Lorenzo walks to and from work every day, and when it's too hot or freezing cold, my mom insists on driving him home.  His house is only a few blocks from the hospital, but, just the same as me, my mom can't stand to see anyone struggle or suffer, and he knows that Mrs. Janice is relentless (also like me), so on occasion he'll graciously accept the offer.  She always makes sure to remember his birthday and brings him a little something at Christmas that he can use.  My mom does this out of the goodness of her heart, and he knows that and is so beyond thankful to be remembered.

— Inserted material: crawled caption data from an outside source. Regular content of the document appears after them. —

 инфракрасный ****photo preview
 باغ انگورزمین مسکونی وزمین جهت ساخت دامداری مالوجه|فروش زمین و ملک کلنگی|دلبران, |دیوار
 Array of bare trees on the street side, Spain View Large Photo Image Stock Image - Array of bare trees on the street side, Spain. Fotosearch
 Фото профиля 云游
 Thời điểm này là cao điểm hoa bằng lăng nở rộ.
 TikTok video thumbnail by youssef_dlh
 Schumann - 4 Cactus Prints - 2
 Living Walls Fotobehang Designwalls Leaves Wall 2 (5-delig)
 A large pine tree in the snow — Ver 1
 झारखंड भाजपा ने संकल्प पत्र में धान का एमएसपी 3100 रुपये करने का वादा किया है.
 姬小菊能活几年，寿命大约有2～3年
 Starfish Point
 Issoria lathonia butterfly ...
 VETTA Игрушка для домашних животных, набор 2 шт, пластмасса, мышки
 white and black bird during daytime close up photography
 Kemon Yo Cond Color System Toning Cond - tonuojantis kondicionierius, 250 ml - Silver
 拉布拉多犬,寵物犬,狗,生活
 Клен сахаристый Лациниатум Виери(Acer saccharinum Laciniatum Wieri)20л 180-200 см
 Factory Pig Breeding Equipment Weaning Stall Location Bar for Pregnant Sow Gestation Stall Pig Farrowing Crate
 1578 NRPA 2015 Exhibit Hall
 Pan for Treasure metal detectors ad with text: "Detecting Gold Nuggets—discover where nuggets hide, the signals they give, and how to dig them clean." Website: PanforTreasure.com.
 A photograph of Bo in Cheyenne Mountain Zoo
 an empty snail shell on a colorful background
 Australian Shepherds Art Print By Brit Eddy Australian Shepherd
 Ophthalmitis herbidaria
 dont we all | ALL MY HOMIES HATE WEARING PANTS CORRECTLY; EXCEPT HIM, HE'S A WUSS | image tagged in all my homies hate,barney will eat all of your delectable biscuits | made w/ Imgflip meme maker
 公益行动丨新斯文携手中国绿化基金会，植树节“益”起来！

Recently, Lorenzo has been struggling a little bit and he missed a few days of work over the last couple of weeks.  Due to the missed days, his pay was cut short, and things are very tight for him.  My mom knows him well enough to know when something is wrong, and when she asked him yesterday if everything was okay, he confided in her that he's had to pay all of his bills but that he hasn't had much to eat the last few days.  She immediately told him that she would like to help him, but his pride is far too great for that, and he politely declined and just asked her to pray for him.  She promised him that she would, and she did.  

Again, to know my mama is to know that if she can do more than pray, then she's going to.  When she walked through the door after work, she had barely put her purse down before telling my dad that she needed to put a care package together for her friend.  My dad has certainly heard of Lorenzo over the years and told my mom to absolutely go ahead and round up what she needed.  So my mom went through their cabinets and refrigerator and filled two boxes of food for him, recruited my brother to accompany her, and off they drove, my mom still in her work clothes and my brother unaware that even at 25 he was still eligible for Teachable Moments from Mama.

They pulled up to Lorenzo's house and rang his doorbell, each holding a box of food.  My brother told me this morning that when Lorenzo opened the door, he broke down in tears and thanked them over and over and over again.  My mom walked in and put the boxes down, hugged him, and told him that she knew that he would do it for someone else in that situation, and that he was to think nothing of it, and that's what friends are for.  

As my mom told me all of this as I drove to work, I was fighting back an ugly cry.  

I was overwhelmed at the generosity of my mom, of hearing her say so matter-of-factly "I helped him because it's what you do for someone in need.  I know that he would do it for someone else if he could.  And I would do it for anyone else out there."

I was sad for Lorenzo to be struggling after an already challenging life.

I was embarrassed at myself for being annoyed that I might not have time to buy a coffee. 

I was helpless thinking of how many other people are out there in the same position who we just don't hear about.

And so my heart feels a little heavy this morning.  My mom asked me to pray for Lorenzo, and every time I think of him I send up a few words, but I wish that there were more than can be done.  I know that there are people out there who are so very much worse off than our friend, people who don't have a roof over their heads, clothes on their backs, a stable job to go to every day.  But for some reason knowing that Lorenzo has these things and is still struggling to get by, to know that a good, honest, hardworking man who has already been through so much in his life now has to worry about where his meals will come from...  that's what hurts my heart

If you think about it and it's your thing, maybe send up a prayer for Lorenzo.  If praying isn't your thing, maybe a few words of encouragement could help.  My mom assured me that he's going to be okay and that he has a wonderful support system in his manager and team at work, and I believe that, especially with my mom on his side.